# Hello everyone from South Africa



## ivanotter (Jan 2, 2011)

Hello Everyone,

I found this site as I was trying to gather some info on RAF in Burma.

However, the info seems to be of a very high standard (thanks to the members, I believe) and I look forward to tap into the knowledge.

I am a member of the arc forum (i do have a modest collection of a/c models) and the key publishing forum, although neither is as specialilsed, I think.

Yours,

Ivan


----------



## Airframes (Jan 2, 2011)

Hello and welcome from England. I've just been researching on the RAF in Burma for a model underway at present, in the Group build threads.


----------



## ivanotter (Jan 2, 2011)

Thanks,

I have been readign a few books on the Burma theater.

Not a lot about the RAF role and next to nothing on the type of a/c used.

I will be starting a new thread on it, as (out of pure interest) I think there are more to it.

Which a/c are you building? 

Yours,


----------



## vikingBerserker (Jan 2, 2011)

Welcome aboard Ivan.


----------



## v2 (Jan 2, 2011)

Welcome and greetings from Poland Ivan!


----------



## BikerBabe (Jan 2, 2011)

Hi there, and welcome from me in Denmark.


----------



## Njaco (Jan 2, 2011)

Welcome to the forum!


----------



## DerAdlerIstGelandet (Jan 2, 2011)

Hello and welcome!


----------



## Gnomey (Jan 2, 2011)

Welcome.


----------



## imalko (Jan 2, 2011)

Hello Ivan and welcome to the forum. Greetings from Serbia.


----------



## T Bolt (Jan 2, 2011)

Welcome Ivan!


----------



## N4521U (Jan 2, 2011)

And welcome from a kangaroo........


----------



## javlin (Jan 2, 2011)

Welcome Aboard Ivan!alot of knowledge float'in about these parts.Cheers


----------



## Airframes (Jan 2, 2011)

Ivan, it's a Spit MkVIII, as shown in the Group Builds, Modelling section threads. I've also replied to your other thread.


----------



## ivanotter (Jan 3, 2011)

Thanks all,

What a nice welcome!

Yours,


----------



## Vic Balshaw (Jan 3, 2011)

G'day Ivan, welcome to the forum and hope you'll find time to show us some of your work.


----------



## Wayne Little (Jan 4, 2011)

Welcome aboard Ivan!


----------



## P40NUT (Jan 4, 2011)

Welcome Ivan!


----------



## Thorlifter (Jan 4, 2011)

Welcome.


----------



## ivanotter (Jan 5, 2011)

Thanks all for welcoming me.

I have attached a pic of one of my WWII planes: The Ju-88.

I especially like the German camo patterns.
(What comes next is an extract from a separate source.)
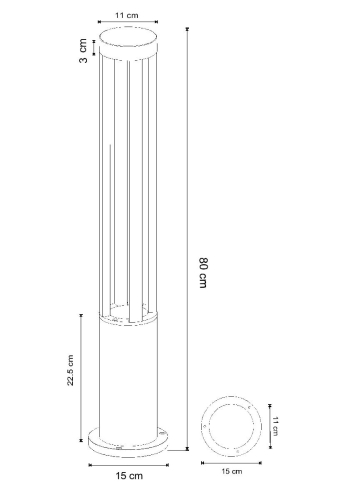 Ландшафтный светильник Arte Lamp Thuban A1080PA-1BK дополнительное фото фото 5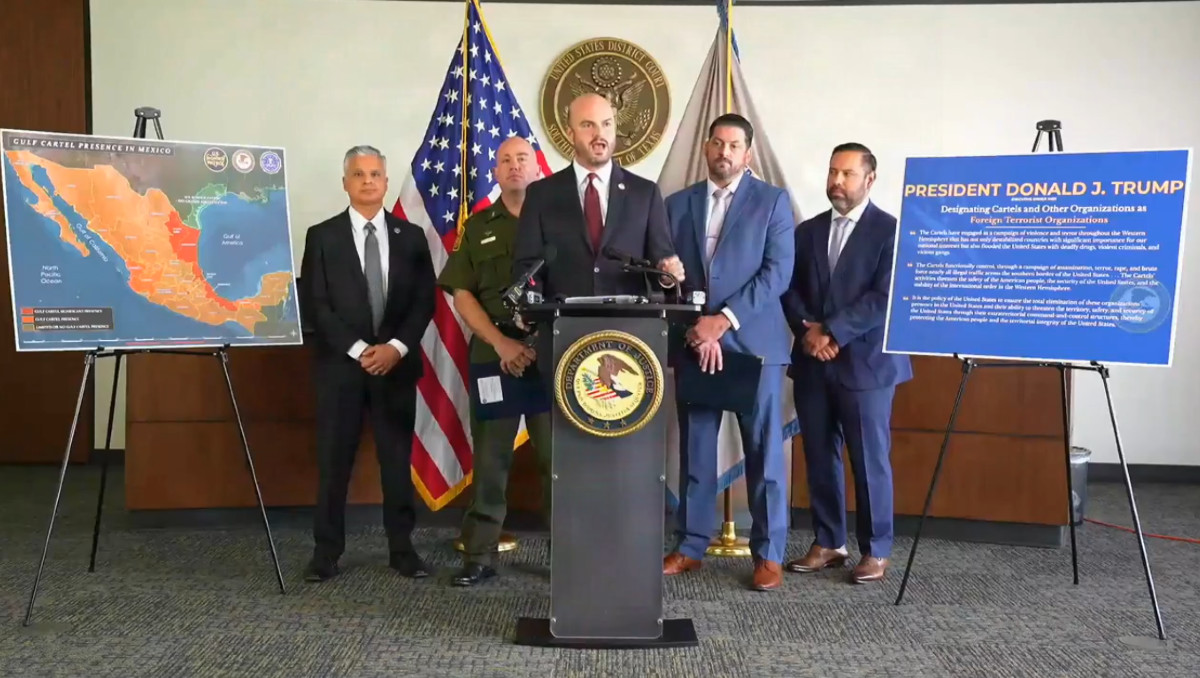 Estados Unidos anunció los cargos contra José Flores Flores, del Cártel del Golfo. | Foto: Departamento de Justicia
What imagination to come up with all the colour schemes.

This one's colour scheme is inspired by Tolga Ulgur's model on the ARC forum.

According to Ulgur, it is Stab II /KG 77 in Sicily-Gerbini airfield during 1942. (Heinrich Paepcke ,commander of II /KG 77 had flown on this machine.)

Mine is as close as I can get to his colour patterns,l although my decals are a bit wrong.

The mocel is nearly finished, I just need to fix some edges and do the cockpit frames.

Thanks again,


----------



## ivanotter (Jan 5, 2011)

sorrry - let me try that pic again - sorry


----------



## Wurger (Jan 7, 2011)

Welcome on board. Greetings from Poland.


----------